When I launched the Speech Commands dataset last year I wasn’t quite sure what to expect, but I’ve been very happy to see all the creative ways people have used it, like guiding embedded optimizations or testing new model architectures. The best part has been all the conversations I’ve ended up having because of it, and how much I’ve learned about the area of microcontroller machine learning from other people in the field.
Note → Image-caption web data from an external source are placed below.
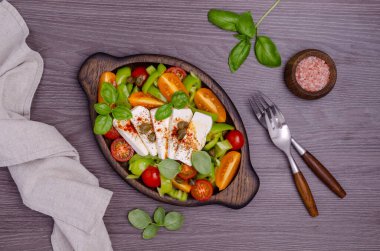 Taze sebze salatası. Sarı ve kırmızı domates, yeşil biber, kapari, fesleğen ve baharatlı peynir. Ahşap arka plan. Üst görünüm.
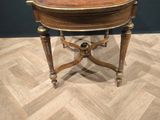 a small table with a wooden top on a wooden floor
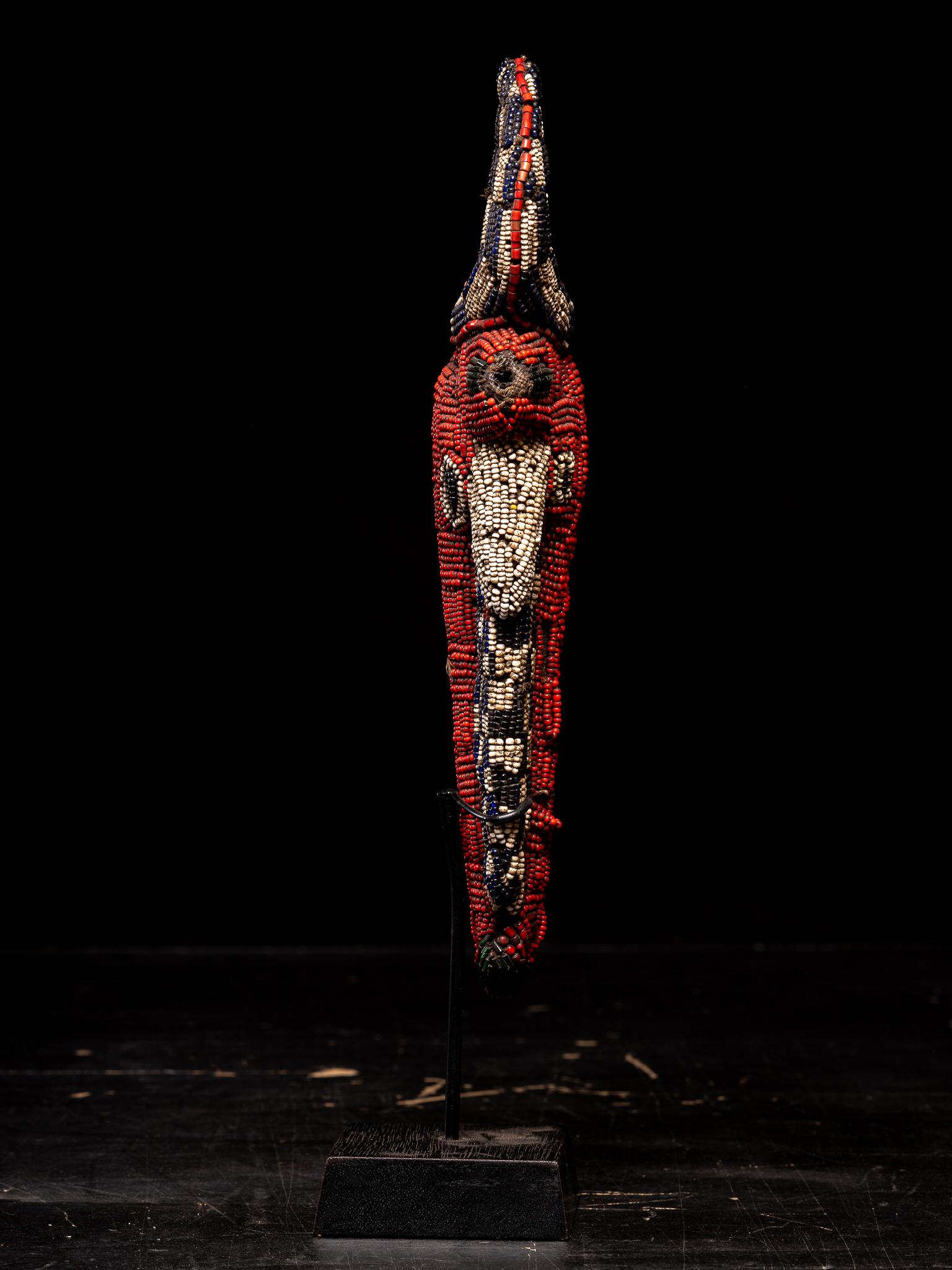 20th Century Bamileke Decorative Wooden Flute or Whistle embroidered with European Glass Bead For Sale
Having a lot of eyes on the data (especially through the Kaggle competition) gave me a lot more insight into how to improve its quality, and there’s been a steady stream of volunteers donating their voices to expand the number of utterances. I also had a lot of requests for a paper giving more details on the dataset, especially covering how it was collected and what the best approaches to benchmarking accuracy were. With all of that in mind, I spent the past few weeks gathering the voice data that had been donated recently, improving the labeling process, and documenting it all in much more depth. I’m pleased to say that the resulting paper is now up on Arxiv, and you can download the expanded and improved archive of over one hundred thousand utterances. The folder layout is still compatible with the first version, so to run the example training script from the tutorial, you can just execute:
python tensorflow/examples/speech_commands/train.py \ --data_url=http://download.tensorflow.org/data/speech_commands_v0.02.tar.gz
I’m looking forward to hearing more about how you’re using the dataset, and continuing the conversations it has already sparked, so I hope you have as much fun with it as I have!